Dynamic routing on networks with fixed-size buffers

The combination of the buffer size of routers deployed in the Internet and the Internet traffic itself leads routinely to routers dropping packets. Motivated by this, we initiate the rigorous study of dynamic store-and-forward routing on arbitrary networks in a model in which dropped packets must explicitly be taken into account. To avoid the uncertainties of traffic modeling, we consider arbitrary traffic on the network. We analyze and compare the effectiveness of several greedy, on-line, local-control protocols using a competitive analysis of the throughput.

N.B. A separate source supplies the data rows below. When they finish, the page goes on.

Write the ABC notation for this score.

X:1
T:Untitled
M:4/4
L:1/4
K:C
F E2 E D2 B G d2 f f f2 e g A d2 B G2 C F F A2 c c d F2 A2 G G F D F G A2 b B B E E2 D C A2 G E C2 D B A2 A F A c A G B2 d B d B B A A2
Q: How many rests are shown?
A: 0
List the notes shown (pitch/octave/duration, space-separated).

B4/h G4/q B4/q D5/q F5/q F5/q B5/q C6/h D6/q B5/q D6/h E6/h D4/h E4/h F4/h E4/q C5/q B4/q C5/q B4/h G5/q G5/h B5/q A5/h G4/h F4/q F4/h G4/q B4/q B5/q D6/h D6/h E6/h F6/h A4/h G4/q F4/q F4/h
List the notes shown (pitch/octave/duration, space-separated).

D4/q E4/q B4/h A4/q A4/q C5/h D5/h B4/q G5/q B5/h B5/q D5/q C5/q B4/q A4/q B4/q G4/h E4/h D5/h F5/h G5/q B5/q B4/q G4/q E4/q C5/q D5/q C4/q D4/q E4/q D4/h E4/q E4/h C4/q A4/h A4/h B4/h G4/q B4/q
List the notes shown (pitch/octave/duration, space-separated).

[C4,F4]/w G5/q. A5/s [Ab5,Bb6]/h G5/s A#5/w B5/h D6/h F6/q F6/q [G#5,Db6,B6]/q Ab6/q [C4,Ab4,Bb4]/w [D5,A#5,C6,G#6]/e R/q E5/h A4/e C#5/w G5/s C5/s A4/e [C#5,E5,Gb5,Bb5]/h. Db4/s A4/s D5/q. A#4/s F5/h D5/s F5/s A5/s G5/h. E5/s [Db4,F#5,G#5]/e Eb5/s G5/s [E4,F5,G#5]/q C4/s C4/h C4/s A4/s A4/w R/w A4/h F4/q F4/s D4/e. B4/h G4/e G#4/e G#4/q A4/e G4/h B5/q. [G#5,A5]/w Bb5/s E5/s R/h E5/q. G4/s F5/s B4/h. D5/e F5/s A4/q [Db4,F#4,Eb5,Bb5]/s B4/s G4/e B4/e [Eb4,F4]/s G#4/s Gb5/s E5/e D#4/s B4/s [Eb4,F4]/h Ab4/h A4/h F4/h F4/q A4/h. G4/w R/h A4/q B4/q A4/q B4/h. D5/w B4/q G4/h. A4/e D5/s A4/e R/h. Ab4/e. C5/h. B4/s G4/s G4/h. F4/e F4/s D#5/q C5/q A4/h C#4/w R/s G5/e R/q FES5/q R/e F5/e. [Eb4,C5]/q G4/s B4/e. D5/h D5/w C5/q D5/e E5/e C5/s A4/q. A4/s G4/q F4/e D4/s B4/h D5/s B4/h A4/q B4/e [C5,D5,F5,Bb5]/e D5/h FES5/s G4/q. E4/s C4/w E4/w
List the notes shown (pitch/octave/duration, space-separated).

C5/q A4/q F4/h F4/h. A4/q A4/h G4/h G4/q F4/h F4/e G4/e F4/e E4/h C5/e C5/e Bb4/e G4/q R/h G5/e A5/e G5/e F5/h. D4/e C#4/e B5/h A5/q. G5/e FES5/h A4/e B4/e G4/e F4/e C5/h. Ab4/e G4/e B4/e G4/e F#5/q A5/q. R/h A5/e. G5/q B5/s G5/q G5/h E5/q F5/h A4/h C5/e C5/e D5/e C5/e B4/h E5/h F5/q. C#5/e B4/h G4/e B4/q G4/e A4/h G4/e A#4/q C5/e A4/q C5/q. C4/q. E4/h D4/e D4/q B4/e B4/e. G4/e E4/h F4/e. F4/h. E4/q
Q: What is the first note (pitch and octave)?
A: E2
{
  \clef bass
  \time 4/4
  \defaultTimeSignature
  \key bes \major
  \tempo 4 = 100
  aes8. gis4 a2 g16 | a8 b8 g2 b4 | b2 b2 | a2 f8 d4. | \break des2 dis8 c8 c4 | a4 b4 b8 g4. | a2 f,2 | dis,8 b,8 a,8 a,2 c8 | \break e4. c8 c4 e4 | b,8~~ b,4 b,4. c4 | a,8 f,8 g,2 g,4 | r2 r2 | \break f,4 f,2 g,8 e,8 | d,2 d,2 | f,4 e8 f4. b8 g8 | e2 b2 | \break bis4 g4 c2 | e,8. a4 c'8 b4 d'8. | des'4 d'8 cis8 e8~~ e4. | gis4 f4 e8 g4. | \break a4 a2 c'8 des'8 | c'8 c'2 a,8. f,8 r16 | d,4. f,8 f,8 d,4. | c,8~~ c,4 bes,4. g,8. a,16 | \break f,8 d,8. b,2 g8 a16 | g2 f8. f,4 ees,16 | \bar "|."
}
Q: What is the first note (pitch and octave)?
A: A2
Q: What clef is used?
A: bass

One goal of our approach is for the competitive results to continue to hold as a network grows without requiring the memory in the nodes to increase with the size of the network. Thus, in our model, we have link buffers of fixed size, B, which is independent of the size of the network, and B becomes a parameter of the model.Our results are in contrast to another adversarial traffic model known as Adversarial Queuing Theory (AQT), which studies the stability and growth rate of queues as a function of the network and traffic parameters. For example, in AQT the Furthest-To-Go (FTG) protocol is stable for all networks whereas Nearest-To-Go (NTG) can be unstable for some networks. Unlike AQT, in our setting NTG is preferable to FTG: we show that the NTG protocol is throughput-competitive on all networks whereas the FTG protocol has unbounded competitiveness whenever a network contains even small cycles.